Does it eat: crowd forages ahead learning about edible plants

Amanda Mayflower speaks to a crowd Tuesday morning about edible plants found along the Sand Creek Trail in North Newton. Mayflower spoke at the event held on behalf of the Newton Farm and Art Market, The Healthy Harvey Coalition and Peace Connections.

By Adam Strunk

Amanda Mayflower gave some simple advice for novice foragers.

“Don’t eat berries if you don’t know them,” she said to a small crowd Tuesday morning. “That goes for mushrooms, too.”

The Healthy Harvey Coalition, Peace Connections and the Newton Farm and Art Market had invited Mayflower to lead a foraging walk at the Sand Creek trail starting at Memorial Grove in North Newton.

Mayflower runs the Little River Food Forest in Wichita that focuses on growing edible native plants.

She spent the next few hours showing the group various plants and tree parts that were either edible or medicinal.

She said much of foraging is about sensing the plants around you and observing. The best locations to forage are often on borders of environmental transition zones.

She also recommended best practice for prospective foragers was to use a map, to mark edible plants so they could be found in the future.

Here’s a look at some of the edible plants along the trail she pointed out:


Red Cedar Berries

While Red Cedars wreak havoc when unchecked, Mayflower explained that the blue berries are part of the juniper family can be used as a seasoning or made into a tea or tincture. The tea has a cooling, woody, smoky flavor, she said. The berries can also be used to season meat or eaten raw. Theoretically, they could be used as a flavoring in alcohol, as well.


Often foraged but often identified as a weed, Mayflower said dandelions can be used in several ways. The leaves can be made into salads and dressed with an acid, such as vinegar. The roots can be made into tea to treat several ailments.

The heads can be used to make wine, served in salads or fried.

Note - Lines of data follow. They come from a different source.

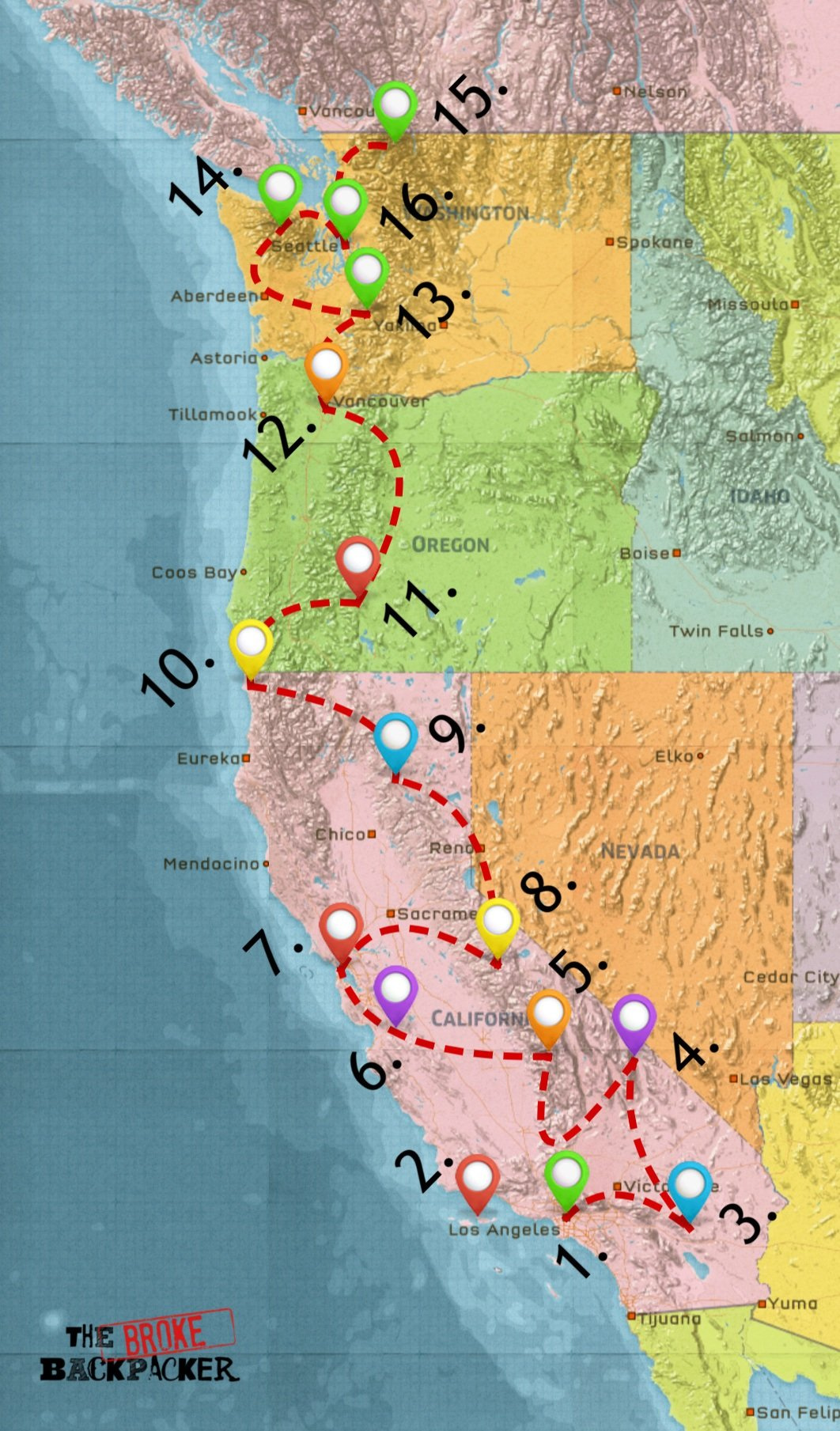 The Ultimate West Coast Road Trip Guide (For 2025) in Tourist Map of West Coast USA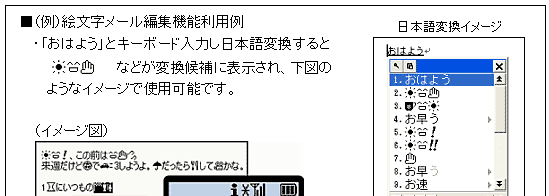 絵文字メール編集機能利用例の図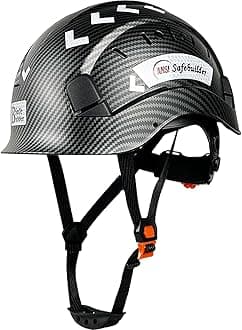 Carbon Fiber Pattern Work-at-Height ABS Rescue Hard Hat Slotted Ventilated Helmet w/Adjustable Ratchet 6-Point Suspension ANSI Z89.1-14 (Matte Black Hat)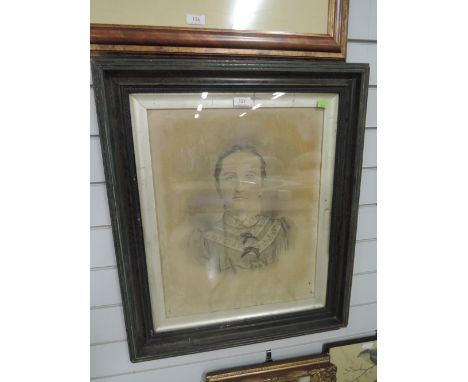 A heightened print or possibly original sketch of Victorian portrait in deep set frame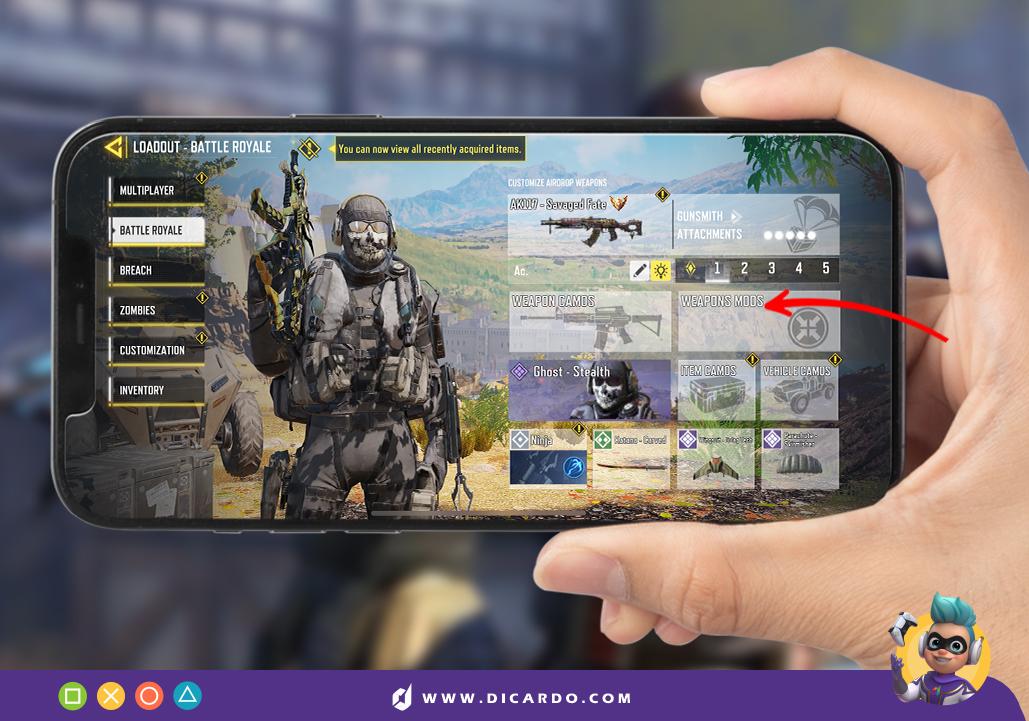 کادر Weapons mods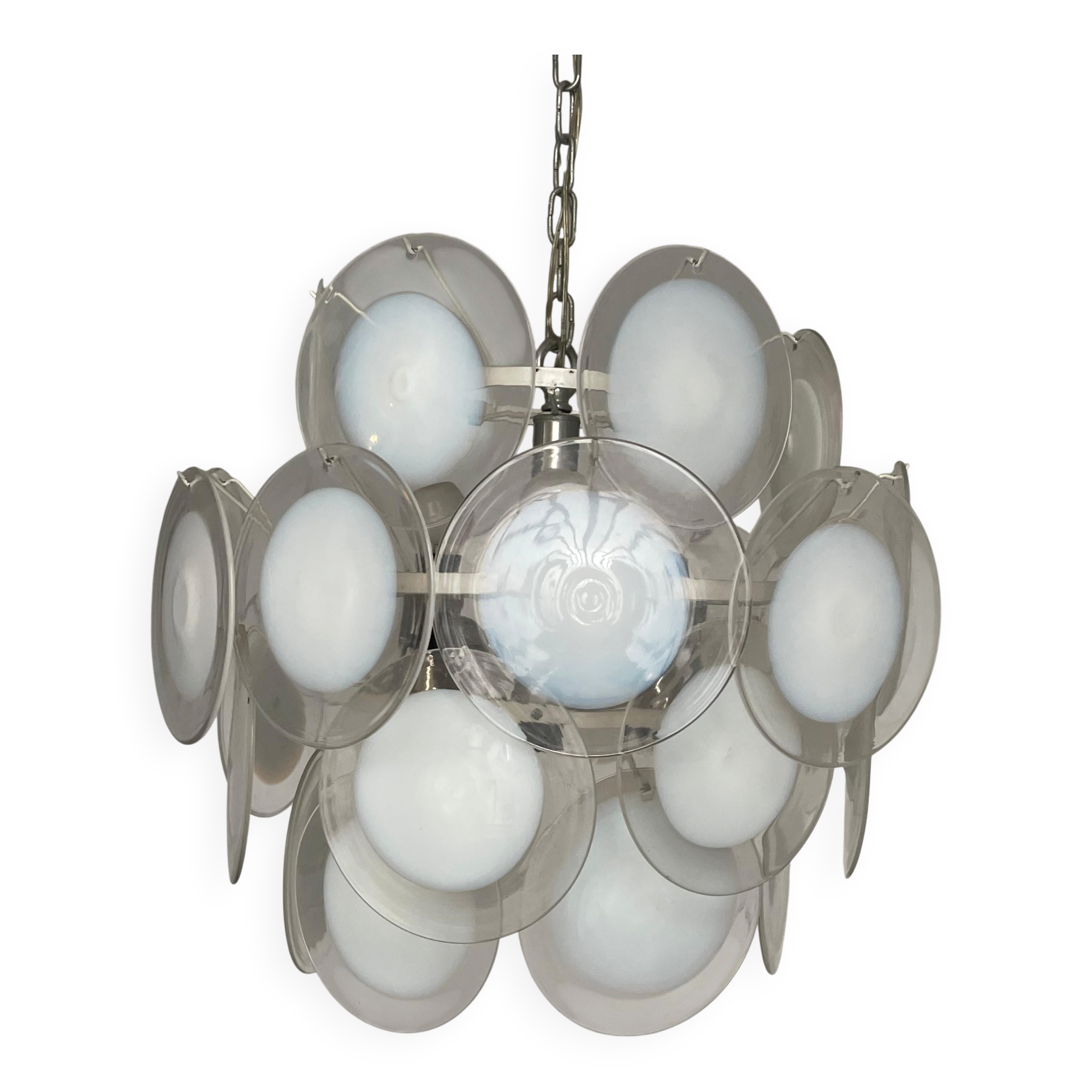Vintage 1960s Murano Chandelier, Big Size, Dining Room Decorative Lamp, Vistosi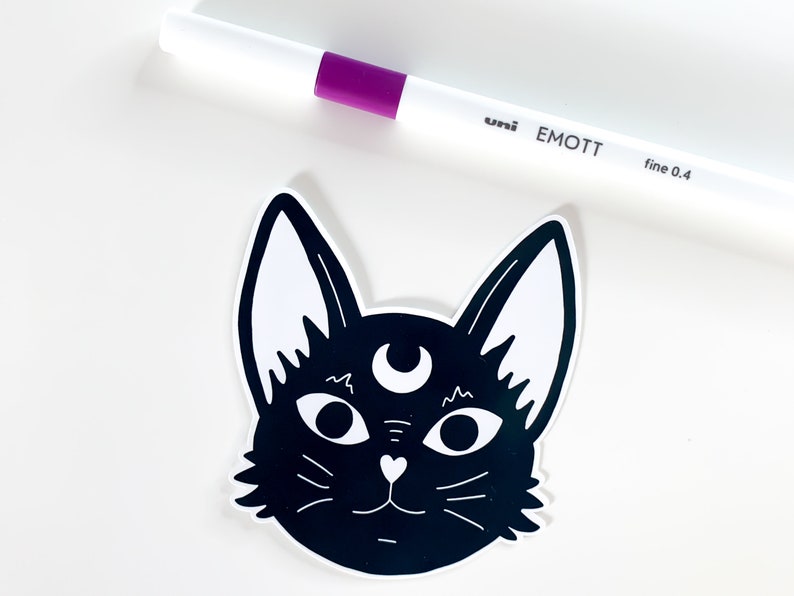 Witchcraft Cat Sticker Black & White occult magic, witchy space black cat sticker, gothic goth sticker, waterbottle witch stickers image 7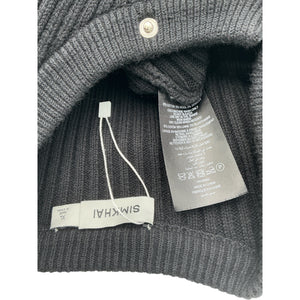 Simkhai Ribbed Black Andi Cardigan Sweater Size XL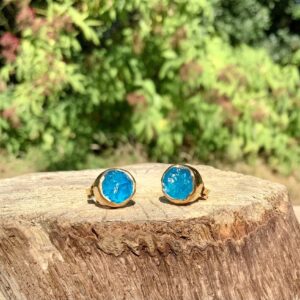 Raw Gemstone Studs, Gold Vermeil Apatite Stud Earrings, Gift For Mum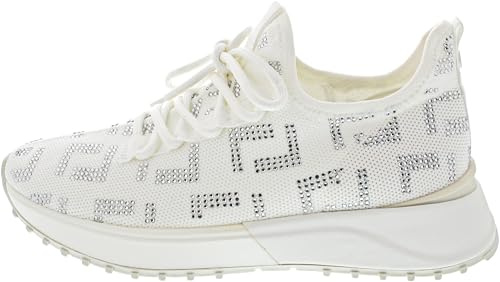La Strada Damen Low Sneaker Weiß Textil - luftiges Mesh, 11-Deutsch:42, Color:weiß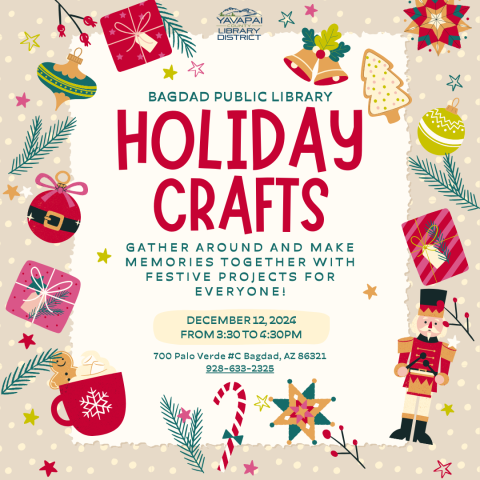 Holiday Crafts Dec. 12th, 2024 3:30pm-4:30pm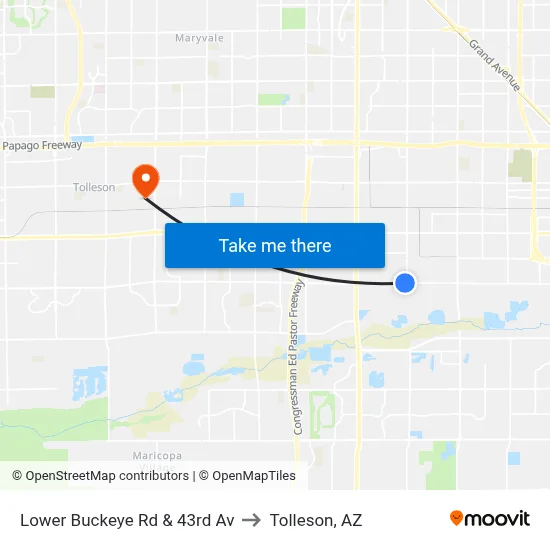 Lower Buckeye Rd & 43rd Av to Tolleson, AZ map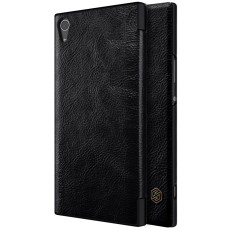 NILLKIN Qin Series Card Slot Flip Leather Mobile Shell priekš Sony Xperia XA1 Ultra G3212 / G3221 - Melns - sāniski atverams maciņš (ādas maks, grāmatiņa, leather book wallet case cover)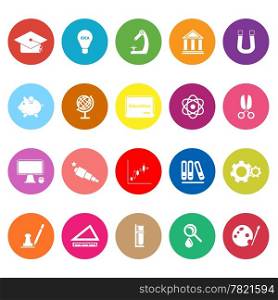 Education flat icons on white background, stock vector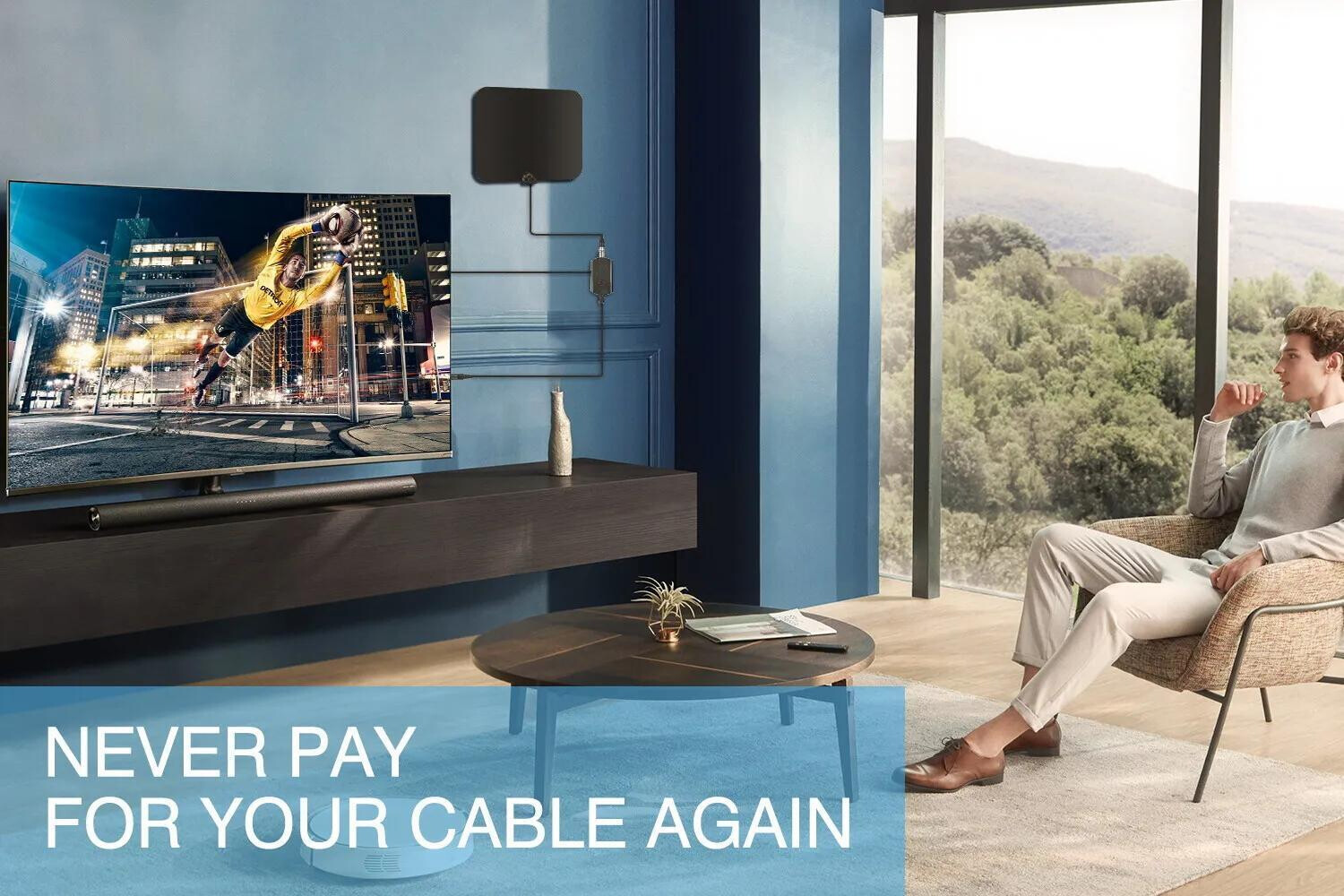 8000Mile Digital TV Antenna Newest 4k 1080p HDTV Indoor Amplified Signal Booster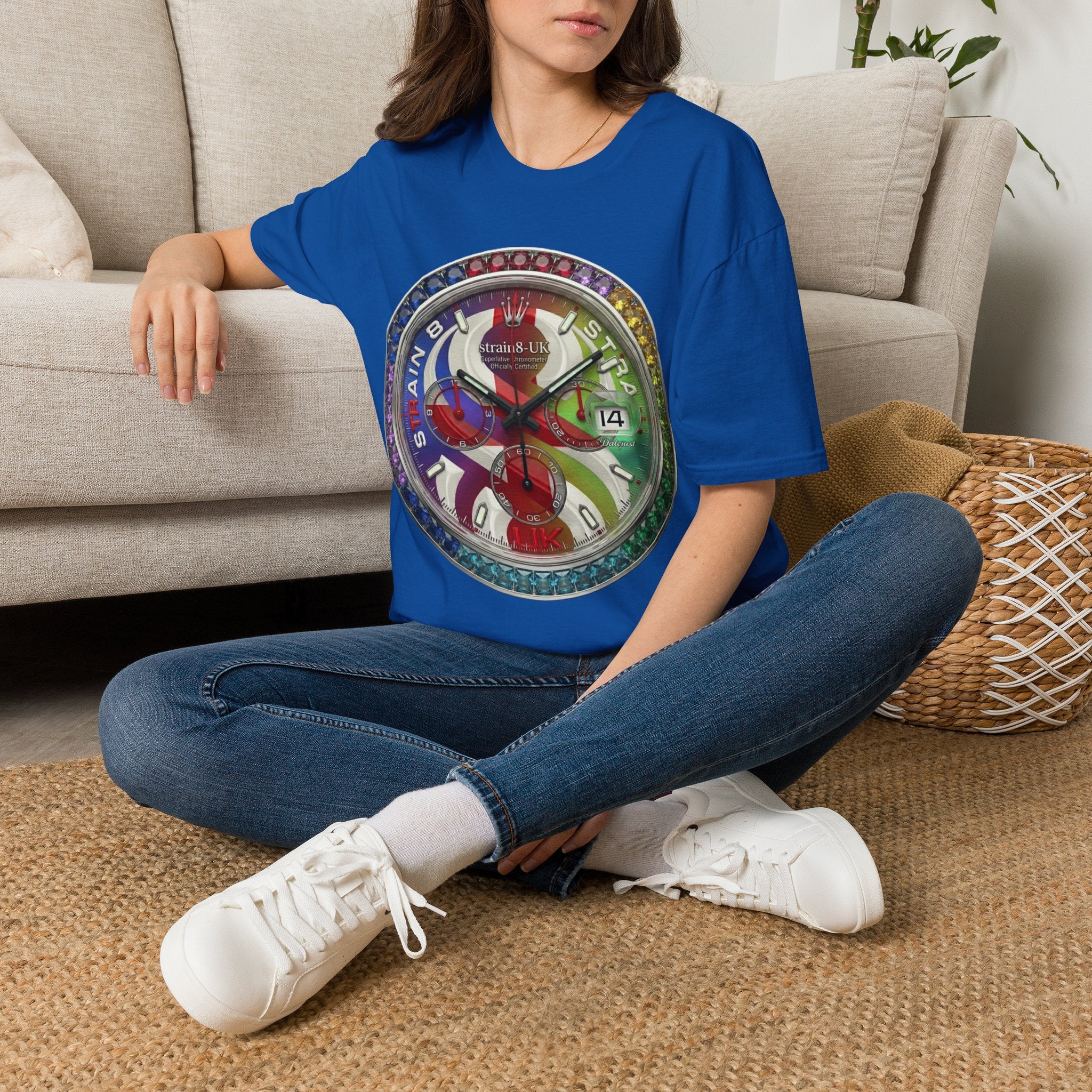 Rainbow Watch Face Graphic T‑Shirt —Strain8-UK Colourful Timepiece Dial Design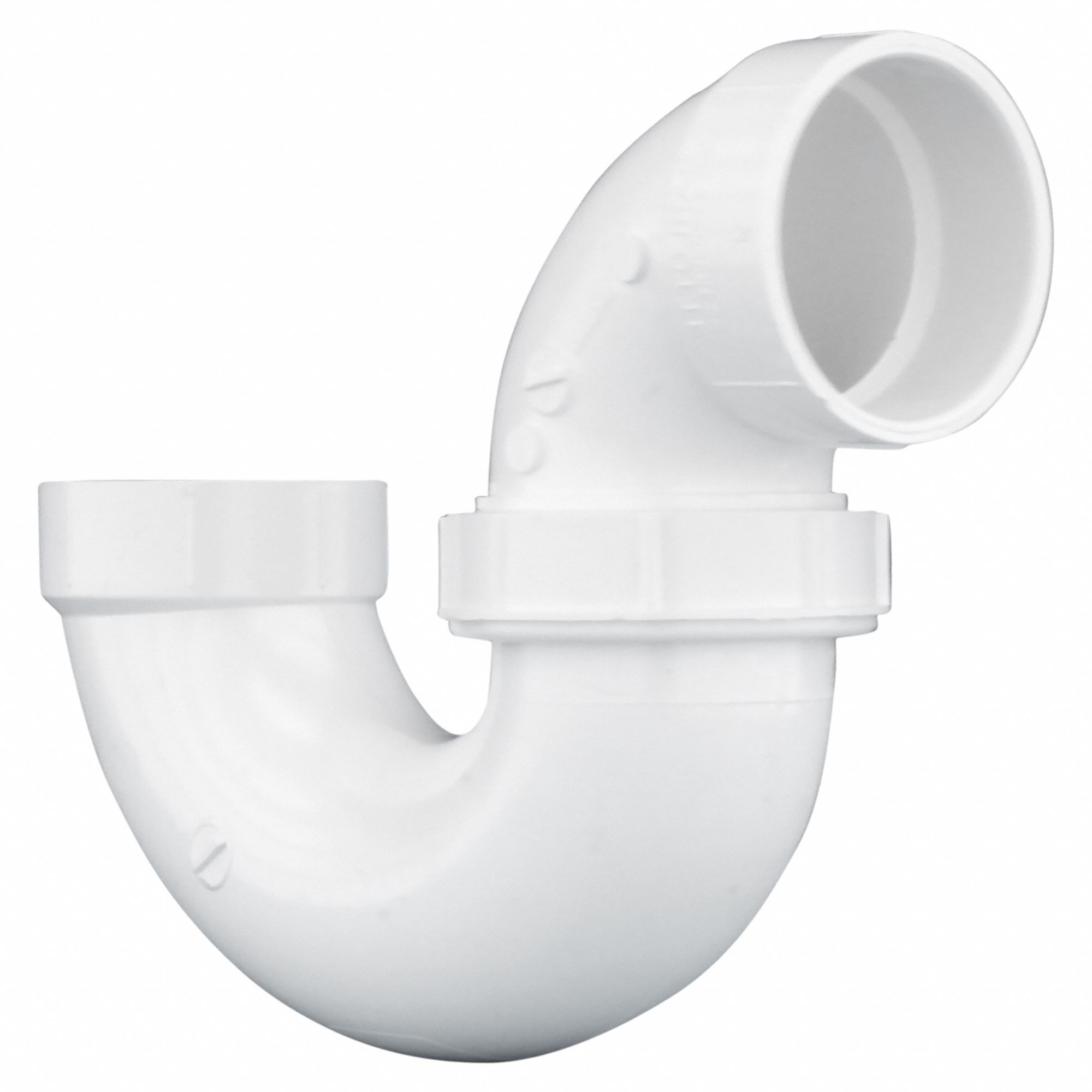 GRAINGER APPROVED PVC PTrap with Union, Hub, 2 in Pipe Size Pipe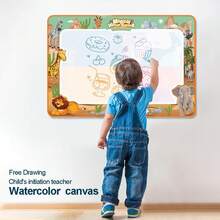 儿童魔法可重复使用涂鸦板 - 创意绘画书写板，益智艺术玩具，配有粉笔笔和贴纸，彩色涤纶帆布，手工活动套装 - 彩色 - 查看 2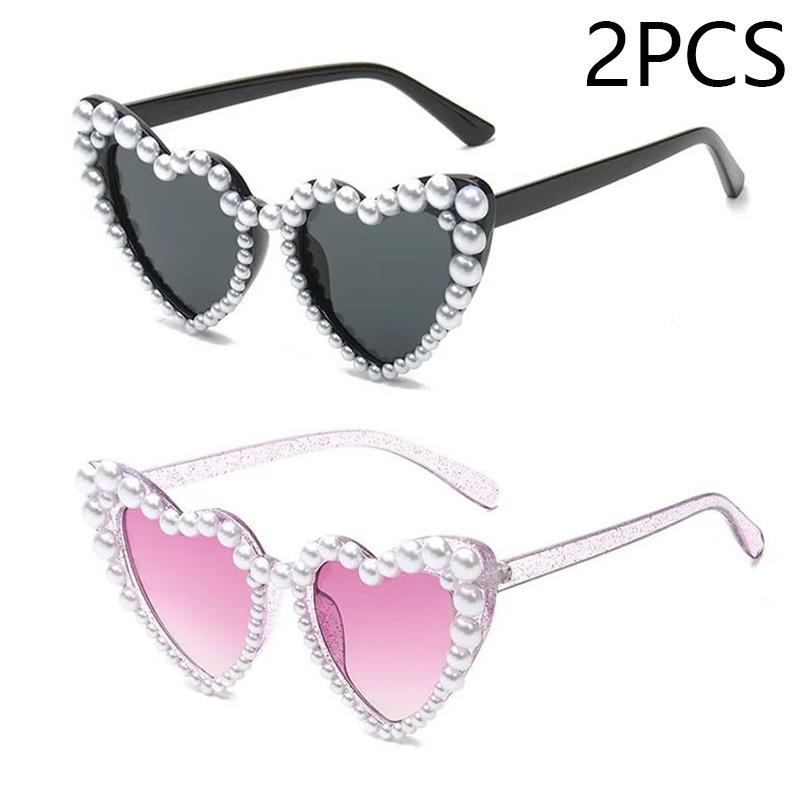 New In Luxury Fine Shimmering Love Pearl Sun Glasses Women Heart Glasses Casual Bling Sunglasses Lentes  Mujer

Crabapples are edible and can be used to make jams and jellies, but are often very tart. Cultivars bred for eating are the best to use. Also, avoid using the seeds as you would in a normal apple, as the seeds possess trace amounts of cyanide.


Mulberries are common in Kansas and can be turned into all manner of things, including jams, juice and pie. They often ripen turning dark purple or black about the same time as wheat, late spring to early summer.


A common plant like the dandelion, Lambsquarter was brought to the U.S. by settlers as a green. The plant is also commonly eaten in Europe. It can be cooked in a number of ways like spinach and also cultivated in a garden. Mayflower said the best way to harvest it is to cut the top down to encourage bushing out. It’s a similar method to how one harvests basil.

Hackberry berries

The hackberry tree produces berries with some amounts of sugar in them when they ripen and turn a reddish color in the fall, Mayflower said. She said it was more of a starvation food than something that one would regularly eat.


Maligned by farmers for its habit of forming woody clumps and mounds, the sumac plant produces berries that can range from sour to peppery taste. The berries can be used in a cold-water tea or made into seasonings.

Sumac is a common ingredient in some cuisines, especially in the Middle East, and used in herb blends like Za’atar.




Currant varieties are common in Kansas and produce small tart berries with a dark color. They often grow in bushes. The flowers have a distinctive smell similar to Juicy Fruit Gum. The berries can be used in pies or jellies.